Desconfio um pouco dessas iniciativas em favor da maconha. Não,
ainda não me tornei um membro do
Tea Party, um conservador empedernido, daqueles que gostam de
fritar estupradores na cadeira elétrica e acham que lugar de viciado é
a prisão. Meu problema com esse
gênero de proposta é que, ao limitar
a discussão à maconha, deixando
de lado as outras drogas ilícitas,
não promovemos uma abordagem
mais racional do problema.
Convenhamos que o "statu quo"
não muda muito se liberamos a maconha, mas mantemos a cocaína e
as drogas sintéticas proibidas. As
supostas vítimas do delito seguiriam fazendo fila à porta do traficante para entupi-lo de dinheiro
com o qual corrompe autoridades e
financia outras atividades ilegais.
A grande verdade é que a linha
proibicionista, que vigora há cem
anos, fracassou.

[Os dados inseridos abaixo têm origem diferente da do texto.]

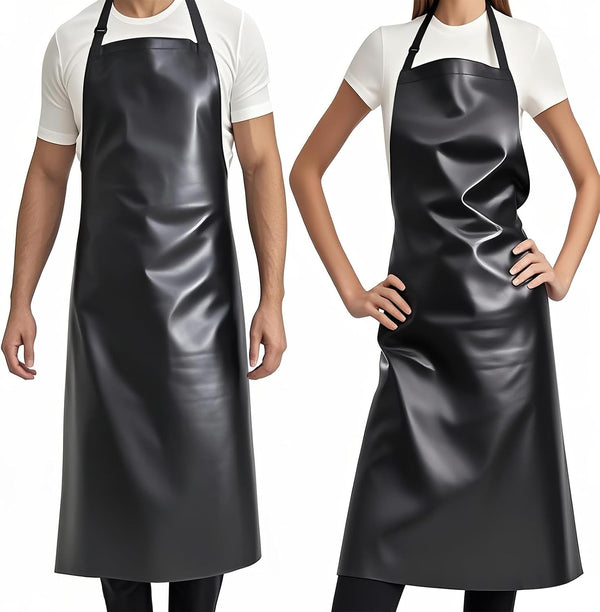 GoldPig Heavy-Duty Waterproof Apron, Chemical Resistant Rubber Vinyl for Industrial, Lab, Kitchen,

Gastamos centenas de bilhões de dólares por ano
para manter o consumo mais ou
menos estável ao longo da última
década -em torno de 5% da população com mais de 15 anos, segundo a ONU. É provável, como querem os proibicionistas, que, sem a
repressão, a prevalência fosse
maior, mas ninguém sabe ao certo
se esse efeito é real nem em que
grau ocorreria, pois nenhum país
testou ainda a legalização.
O que me faz pender definitivamente para a liberação, mais do
que considerações epidemiológicas, é a convicção filosófica de que
existem limites para a interferência
do Estado na vida do cidadão. Eu
pelo menos nunca firmaria um contrato social no qual abriria mão de
decidir o que posso ou não ingerir.
Esse é um direito que, creio, vem no
mesmo pacote do da liberdade de ir
e vir e de dizer o que pensa.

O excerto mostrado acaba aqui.